The group has a size-able commercial portfolio of 4.3 million sq ft lettable area, which offers it several options. However, as many of CDL's office buildings have a low historical cost, and given the group's strong balance sheet, 'there is no immediate urgency to monetise this commercial portfolio even though there is a market trend to recycle capital', Mr Kwek said.
The group's strategy of maintaining a land bank helps CDL respond quickly to changing market demands, to create value for its shareholders in the mid to long term without the need to bid aggressively for new sites. CDL's current land bank can be developed into 9.12 million sq ft gross floor area.

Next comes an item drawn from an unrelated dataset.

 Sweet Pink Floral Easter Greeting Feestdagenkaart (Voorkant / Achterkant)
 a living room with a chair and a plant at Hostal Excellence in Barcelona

CDL's 32.1 per cent improvement in Q3 earnings was achieved despite last year's third quarter being buoyed by $150.9 million one-off divestment gains from the sale of its long leasehold interest in four Singapore hotels to CDL Hospitality Trusts.
For the first nine months, profit before income tax from property development was $385 million, up 165 per cent from the corresponding year-ago period, with contributions from projects like City Square Residences, Tribeca, Monterey Park, St Regis Residences, The Sail @ Marina Bay, The Oceanfront @ Sentosa Cove, Parc Emily, Edelweiss Park, Residences @ Evelyn and Botannia Residences.
The group is expected to begin booking profits from The Solitaire from Q4 2007, while profits from One Shenton and Cliveden at Grange will only be recognised in stages from next year onwards.
Profit from rental properties in the first nine months jumped from $8.3 million to $44.6 million.
Other listed property groups also continued reporting improved earnings for the quarter ended Sept 30, 2007 on the back of fair-value gains on investment properties, strong residential sales and their ability to progressively recognise earnings on units sold based on the percentage of project completion.
Like CDL, many groups can be expected to post record earnings for full-year 2007. CapitaLand's net earnings for the first nine months more than tripled to $2.08 billion - double the $1.018 billion record for the whole of last year.
Analysts say next year developers should still be able to book strong residential development profits from progressive recognition of profits for units already sold. However, a critical factor that could affect their bottom lines is office valuations.